Richard H. Peterson, Book Review Editor
Comparative Frontiers: A Proposal for Studying the American West. By Jerome O. Steffen. Norman, Oklahoma: University of Oklahoma Press, 1980. Bibliography. Index. 139 pages. $10.95.
Reviewed by Newell G. Bringhurst, Assistant Professor of History, Indiana University at Kokomo, author of a forthcoming book entitled Saints, Slaves, and Blacks on Mormon-black relations to be published by Greenwood Press.
This work is informative and enlightening, but at the same time a little disturbing.

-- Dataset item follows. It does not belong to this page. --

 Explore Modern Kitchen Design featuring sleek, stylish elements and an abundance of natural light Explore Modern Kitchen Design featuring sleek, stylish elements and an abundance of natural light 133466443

Steffen’s work is a “Proposal” designed to test the claim of Frederick Jackson Turner’s “Frontier Thesis” that change rather than continuity dominated Western American history. Steffen focuses on five comparative American frontiers—the Cis-Mississippi (or trans-Appalachian) Agricultural, Fur Traders’, Ranching, Mining, and Great Plains. Steffen’s “Proposal” suggests that change be broken down into two broad categories: (a) “modal change” or minimal change in which conceptual foundations along the frontier remained essentially the same and, (b) “fundamental change” in which there was significant alteration. According to Steffen these two types of change can be delineated by examining the degree of frontier “insularity” as opposed to “interacting links”—that is, the connection between Western frontier regions and “parent cultures” or main bodies of civilization to the East. Steffen suggests that America’s frontiers fell into two main categories: (1) “cosmopolitan frontiers”, associated with “modal change”, and a greater number of “interacting links” and, (2) “insular frontiers” characterized by minimal “interacting links” and “fundamental change” influenced by indigenous frontier environments.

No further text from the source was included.